• **Goal of the exercise**: After locating the line with "dodavatelé budou vůči" below, output it and each following line exactly, stopping after the line with "Dice Game FACHAI". No pictures.

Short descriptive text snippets
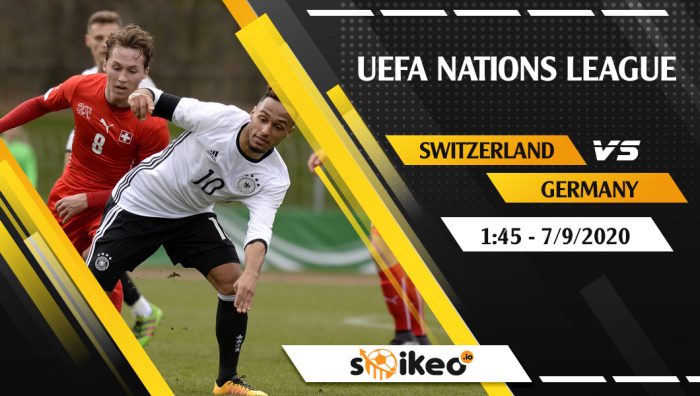 Soi kèo Switzerland vs Germany vào 1h45 ngày 7/9/2020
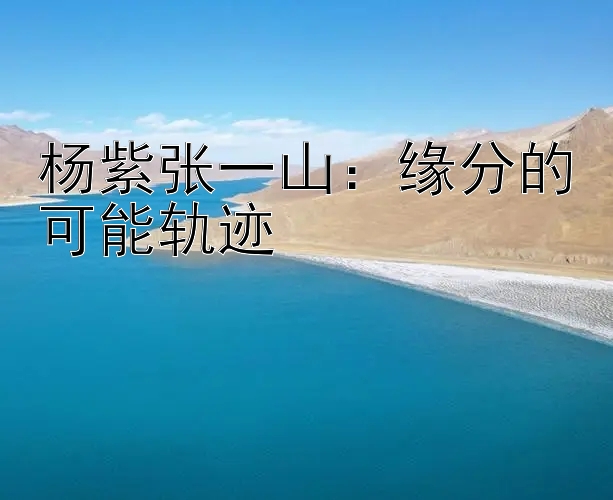 杨紫张一山：缘分的可能轨迹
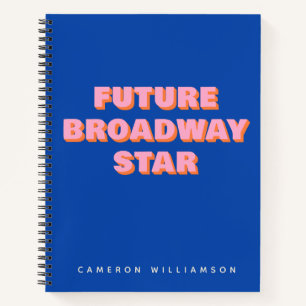 Cuaderno Estrella futura de Broadway Cita inspiradora de ac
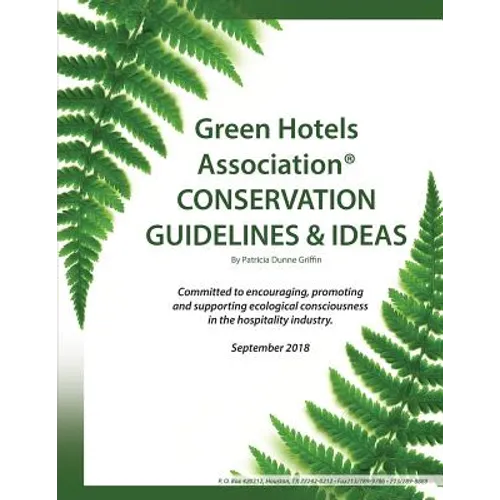 Green Hotels Conservation Guidelines and Ideas: Learn How to Green Your Property - Paperback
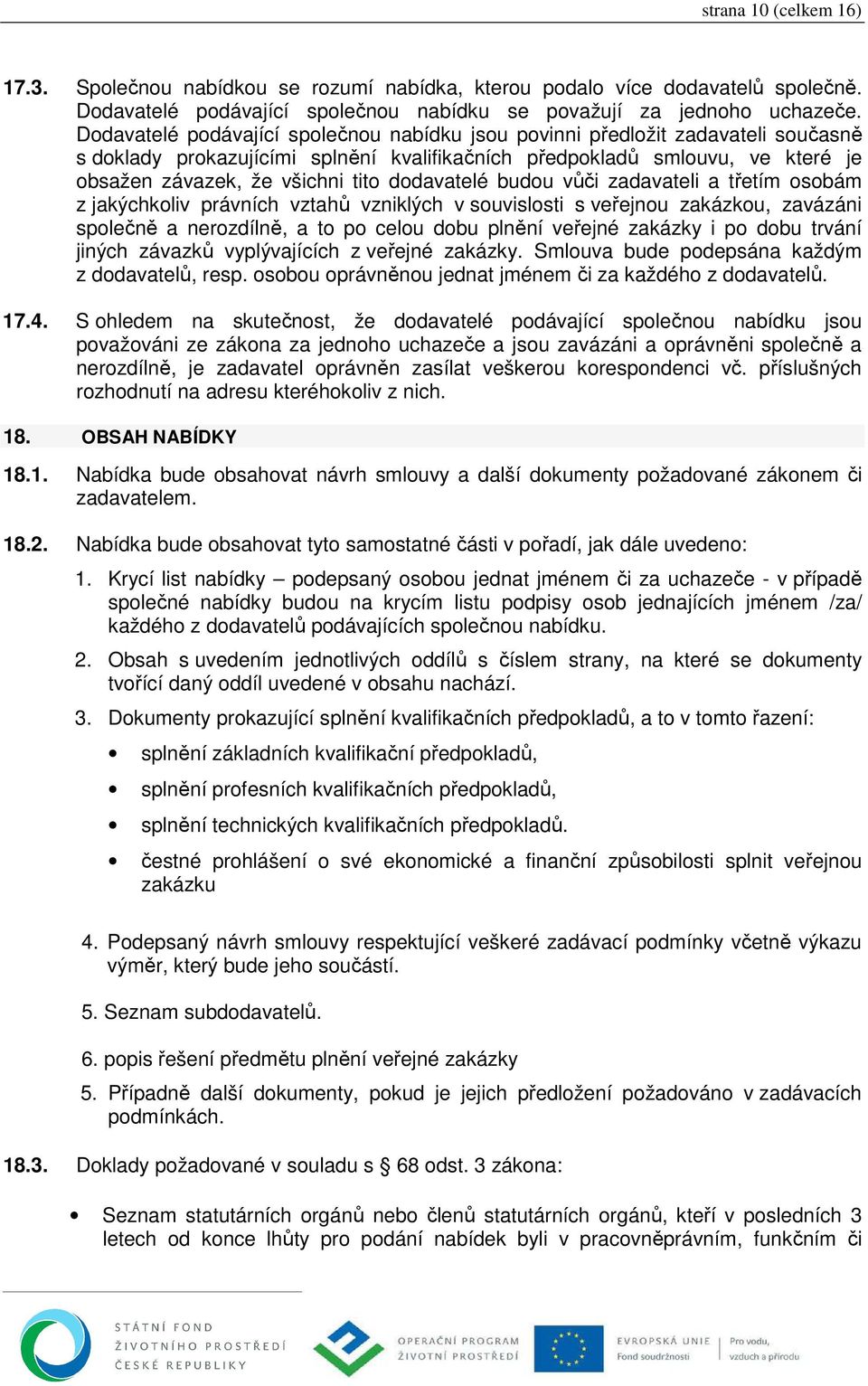 dodavatelé budou vůči zadavateli a třetím osobám z jakýchkoliv právních vztahů vzniklých v souvislosti s veřejnou zakázkou, zavázáni společně a nerozdílně, a to po celou dobu plnění veřejné zakázky i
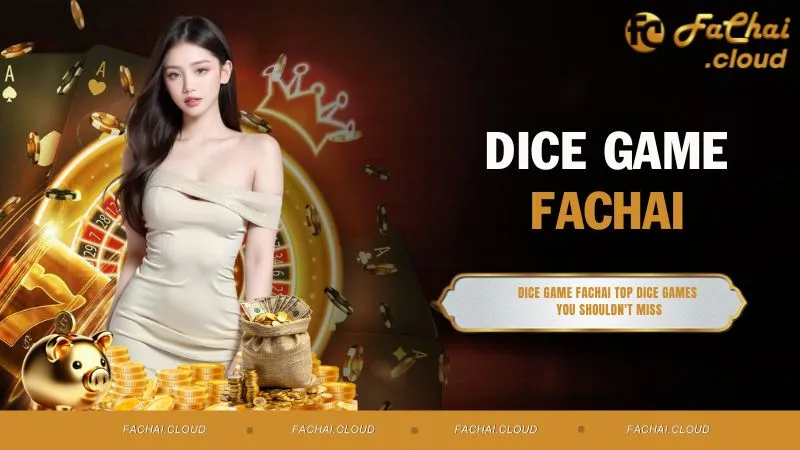 Dice Game FACHAI Top Dice Games You Shouldn't Miss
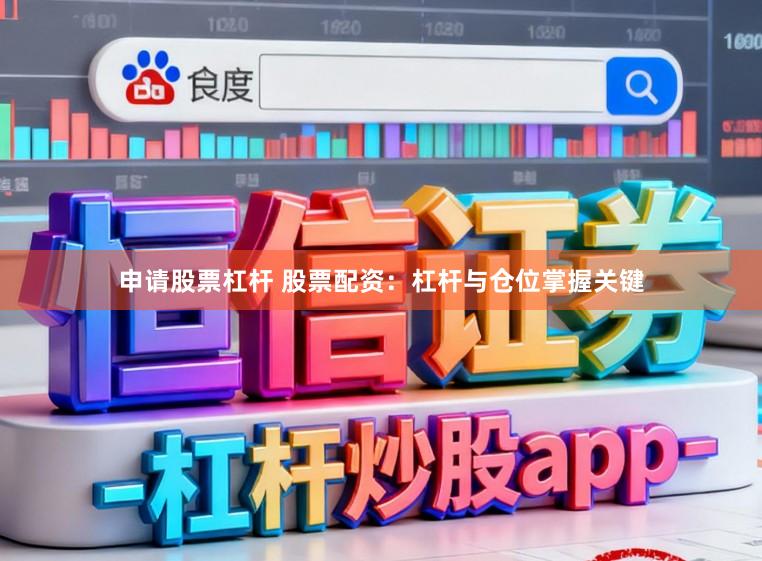 申请股票杠杆 股票配资：杠杆与仓位掌握关键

• **Answer for the task**:
 dodavatelé budou vůči zadavateli a třetím osobám z jakýchkoliv právních vztahů vzniklých v souvislosti s veřejnou zakázkou, zavázáni společně a nerozdílně, a to po celou dobu plnění veřejné zakázky i
 Dice Game FACHAI Top Dice Games You Shouldn't Miss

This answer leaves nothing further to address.